PROVIDED MATERIAL:
[Start of section]
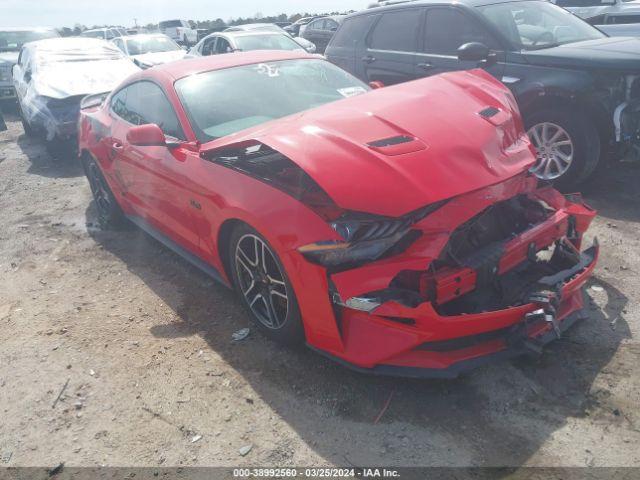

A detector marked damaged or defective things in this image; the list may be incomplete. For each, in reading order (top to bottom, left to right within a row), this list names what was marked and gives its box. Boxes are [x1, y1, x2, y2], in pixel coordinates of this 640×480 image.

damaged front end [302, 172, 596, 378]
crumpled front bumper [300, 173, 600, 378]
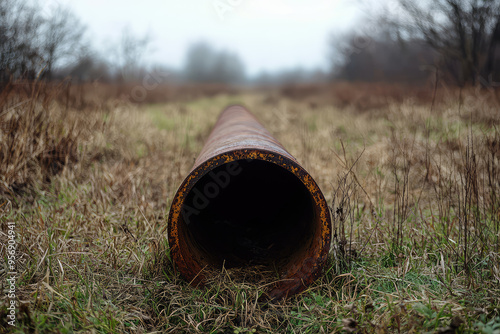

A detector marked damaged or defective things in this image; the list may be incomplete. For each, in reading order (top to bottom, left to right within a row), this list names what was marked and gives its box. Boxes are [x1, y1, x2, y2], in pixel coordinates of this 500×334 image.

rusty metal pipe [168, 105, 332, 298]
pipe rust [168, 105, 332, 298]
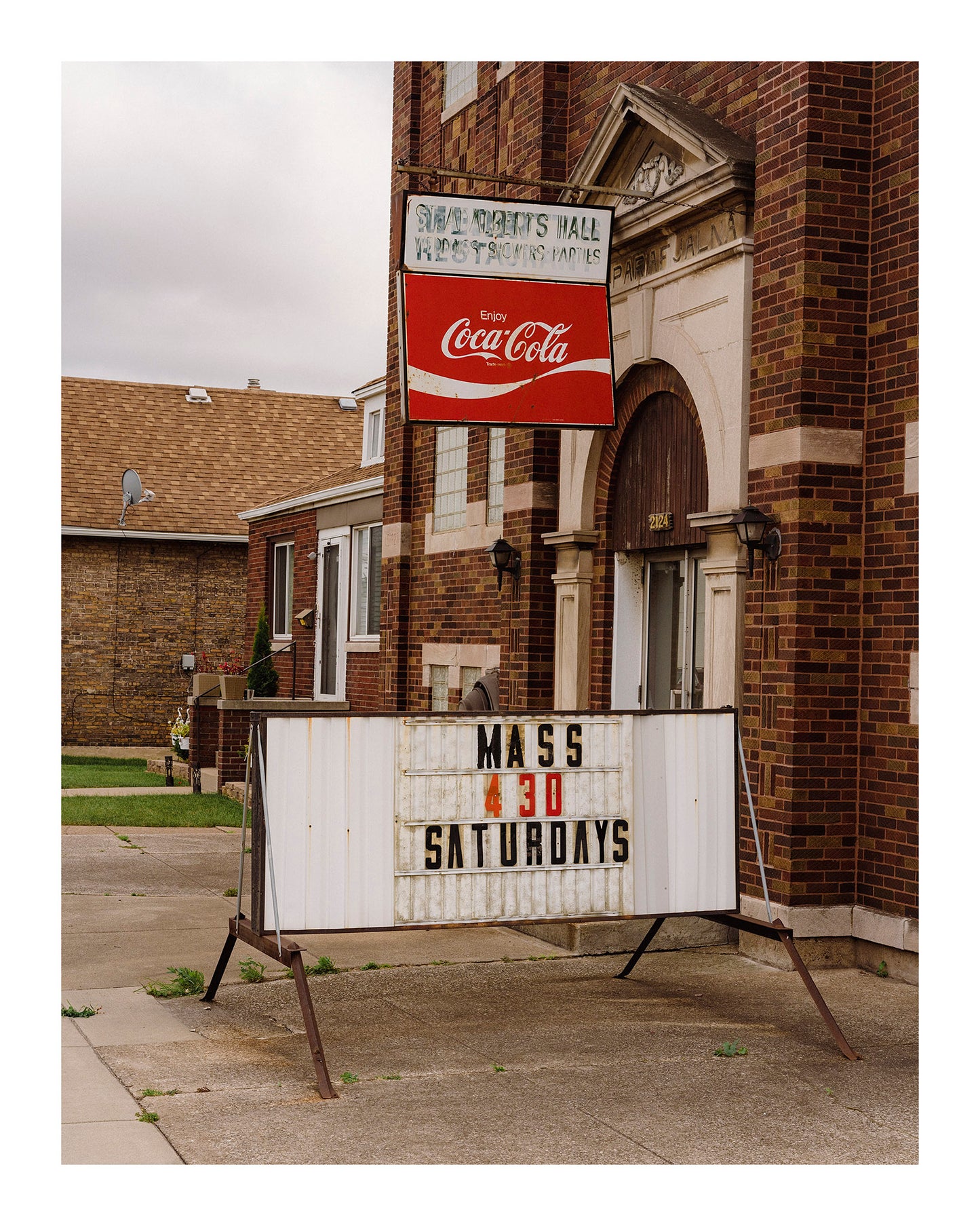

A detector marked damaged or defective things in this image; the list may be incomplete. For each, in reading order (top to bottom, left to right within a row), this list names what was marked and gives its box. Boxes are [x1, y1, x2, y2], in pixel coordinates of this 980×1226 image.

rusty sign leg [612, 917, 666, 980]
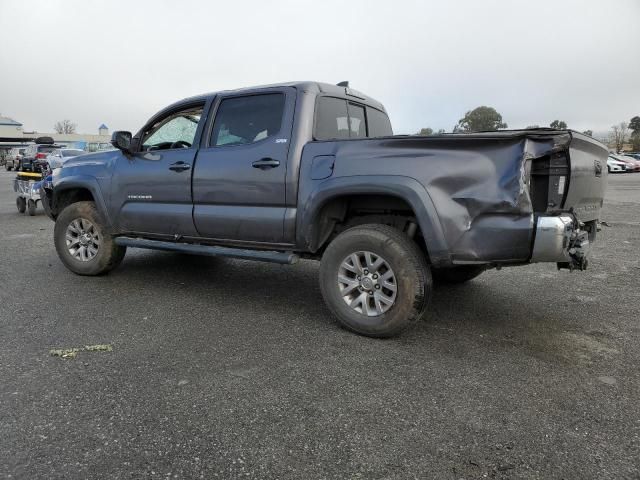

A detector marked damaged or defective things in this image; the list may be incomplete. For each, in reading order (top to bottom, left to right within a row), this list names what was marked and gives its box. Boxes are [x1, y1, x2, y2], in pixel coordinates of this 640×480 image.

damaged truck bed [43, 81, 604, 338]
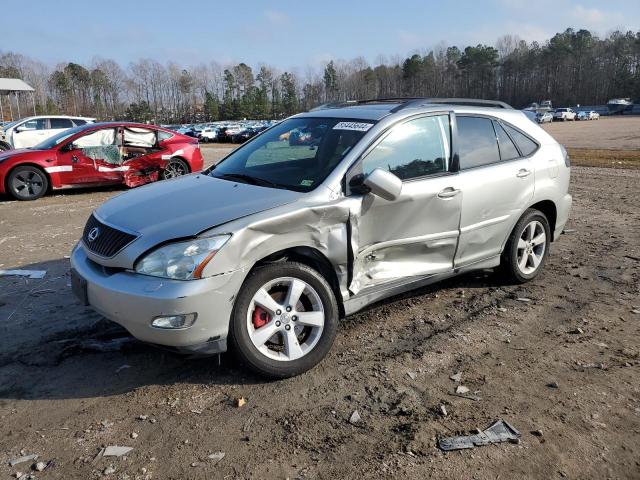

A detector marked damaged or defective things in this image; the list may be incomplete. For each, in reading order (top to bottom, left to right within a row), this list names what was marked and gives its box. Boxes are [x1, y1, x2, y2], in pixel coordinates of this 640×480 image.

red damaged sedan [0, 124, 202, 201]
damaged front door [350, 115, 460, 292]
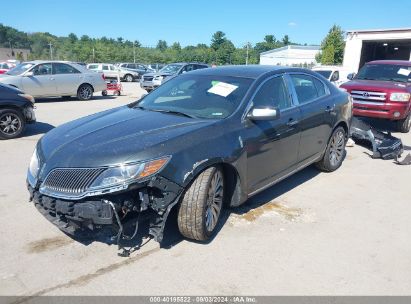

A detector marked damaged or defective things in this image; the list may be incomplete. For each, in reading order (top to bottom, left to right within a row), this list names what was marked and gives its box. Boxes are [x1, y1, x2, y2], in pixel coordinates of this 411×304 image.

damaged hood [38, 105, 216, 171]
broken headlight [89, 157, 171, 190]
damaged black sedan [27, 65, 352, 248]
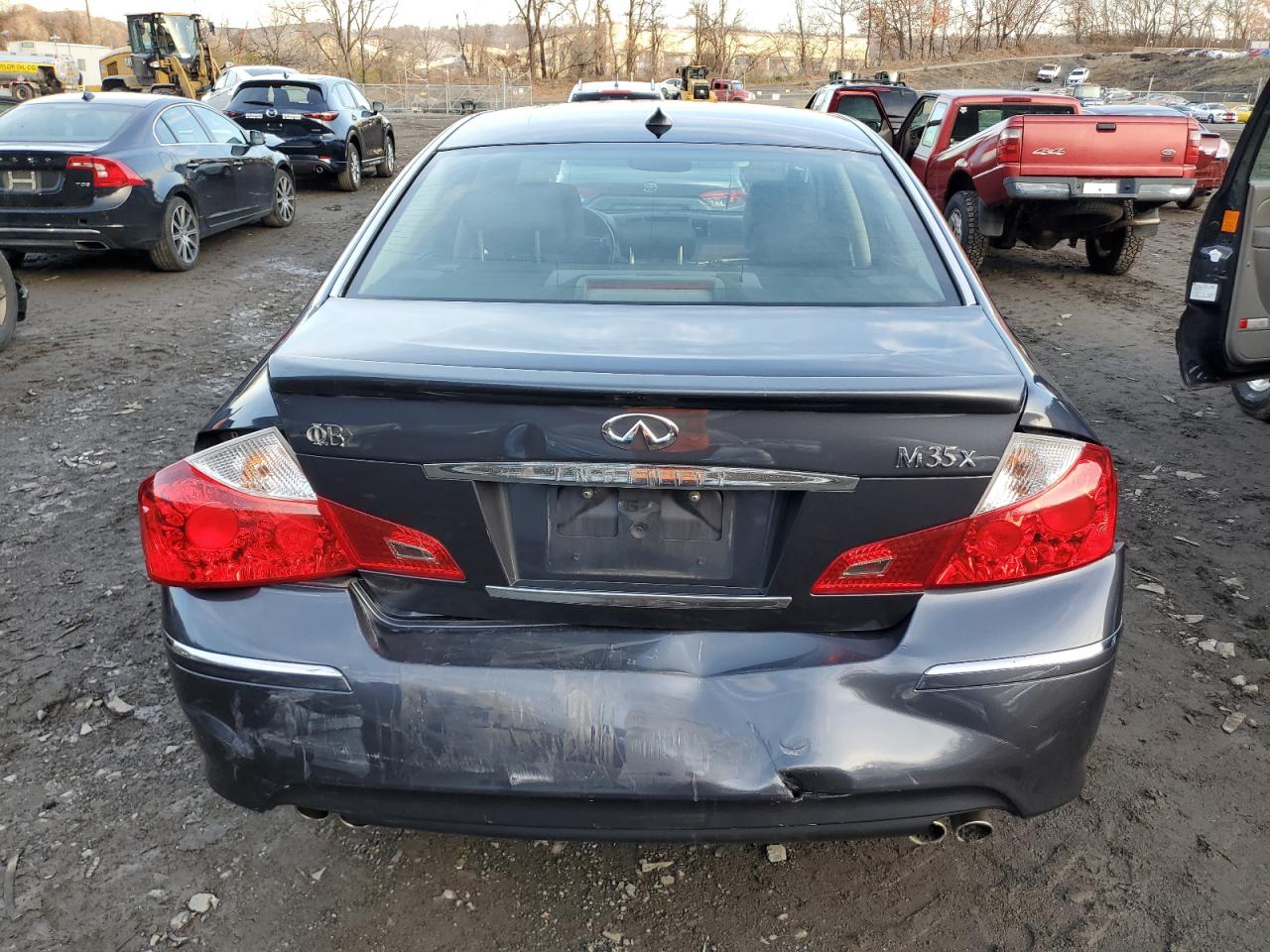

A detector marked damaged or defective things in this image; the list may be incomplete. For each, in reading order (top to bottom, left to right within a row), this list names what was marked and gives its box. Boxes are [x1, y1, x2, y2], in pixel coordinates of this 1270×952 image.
[End of section]
WORK INSTRUCTIONS: Extract the lines beginning with the one that contains "this 500×334 image." and ending with the last line of the listing. Keep them exact and drop the pictures.

YOUR SOLUTION:
A detector marked damaged or defective things in this image; the list may be incomplete. For each, in reading order (top to bottom, left to right within a row), this list names what was marked and gives its box. Boxes are [x1, y1, x2, y2], in pixel coordinates of this 500×334 image.

rusty metal pipe [168, 105, 332, 298]
pipe rust [168, 105, 332, 298]

A detector marked damaged or defective things in this image; the list may be incomplete. For each, in reading order (top to bottom, left to right within a row), this list names what was marked and gives its box. Boxes are [x1, y1, x2, y2], in pixel coordinates of this 980×1226 image.

rusty sign leg [612, 917, 666, 980]

A detector marked damaged or defective things in this image; the list may be incomplete. For each, in reading order (top to bottom, left to right within a row), this list names what was marked and gives its box. Boxes are [x1, y1, x2, y2], in pixel coordinates of this 640×480 image.

damaged truck bed [43, 81, 604, 338]

A detector marked damaged or defective things in this image; the list may be incomplete. For each, in reading order (top to bottom, left to right within a row), this list names what was marked and gives its box. Boxes are [x1, y1, x2, y2], in pixel coordinates of this 640×480 image.

red damaged sedan [0, 124, 202, 201]
damaged front door [350, 115, 460, 292]

A detector marked damaged or defective things in this image; the list may be incomplete. For each, in reading order (top to bottom, left to right within a row), this list names what was marked and gives its box. Boxes are [x1, y1, x2, y2], in pixel coordinates of this 411×304 image.

damaged hood [38, 105, 216, 171]
broken headlight [89, 157, 171, 190]
damaged black sedan [27, 65, 352, 248]

A detector marked damaged or defective things in this image; the list may be incomplete. For each, in reading order (top to bottom, left to right within a row), this list names what was marked and gives its box. Boxes are [x1, y1, x2, y2], in pixel coordinates of this 1270×952 image.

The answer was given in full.